A black woman who was jailed for drug use, told she might not be imprisoned again if she found a treatment program, found it and was then told she was a hopeless case, would never change and was sent back to prison. She now has organized and leads a group for formerly incarcerated people who seek to get back their rights as citizens. A white woman who leads a group to defend pregnant, drug-using woman from losing their children.
The kids from Mexico, in their twenties, smart, savy, articulate running drug education programs they have designed, one of whom travels the world talking to other young leaders as well as committees at the U.N. Other young kids, who feel they are getting too old to be youth leaders because they are twenty-six. (In our day, the ostensible cut-off for legitimacy was thirty.) Staffers from the DPA in the U.S., others from Canada, Colombia, and Lebanon. yes, a young woman from Lebanon!
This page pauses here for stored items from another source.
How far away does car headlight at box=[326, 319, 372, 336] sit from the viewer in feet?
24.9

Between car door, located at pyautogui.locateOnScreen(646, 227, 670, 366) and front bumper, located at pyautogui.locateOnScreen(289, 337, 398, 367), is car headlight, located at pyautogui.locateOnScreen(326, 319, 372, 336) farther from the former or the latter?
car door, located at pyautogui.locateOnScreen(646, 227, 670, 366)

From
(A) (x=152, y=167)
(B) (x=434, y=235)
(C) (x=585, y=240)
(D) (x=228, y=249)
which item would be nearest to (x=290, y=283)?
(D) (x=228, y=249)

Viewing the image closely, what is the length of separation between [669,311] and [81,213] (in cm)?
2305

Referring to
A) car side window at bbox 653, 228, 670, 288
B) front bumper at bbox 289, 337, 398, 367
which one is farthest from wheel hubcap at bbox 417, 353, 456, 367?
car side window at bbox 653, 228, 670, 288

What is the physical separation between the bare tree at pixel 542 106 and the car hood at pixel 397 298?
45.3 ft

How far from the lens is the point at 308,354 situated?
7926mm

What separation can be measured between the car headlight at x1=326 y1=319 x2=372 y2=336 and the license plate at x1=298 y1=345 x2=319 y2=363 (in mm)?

State legislators from several states, and not just the blue ones, who are trying to do what they can to improve the handling of prison and drug issues, including an old Republican from Texas, a black woman from Florida and a woman lawyer from Indiana who said that in her efforts she feels like "someone trying to find the bathroom in the dark in a strange hotel room," groping her way to find a path ahead.
A very British lady, Amanda Feilding, (yes, a real Lady, she is the Countess of Wemyss ) from Oxford, who is working with the House of Lords on a commission to look at drug policy.
One speaker says, "It's all about people." I am impressed with how smart, savy, articulate and committed to changing drug policy worldwide all these people are--old, young and in-between, black, white and in-between, Latin American, Asian, European, U.S.'ers and in-between.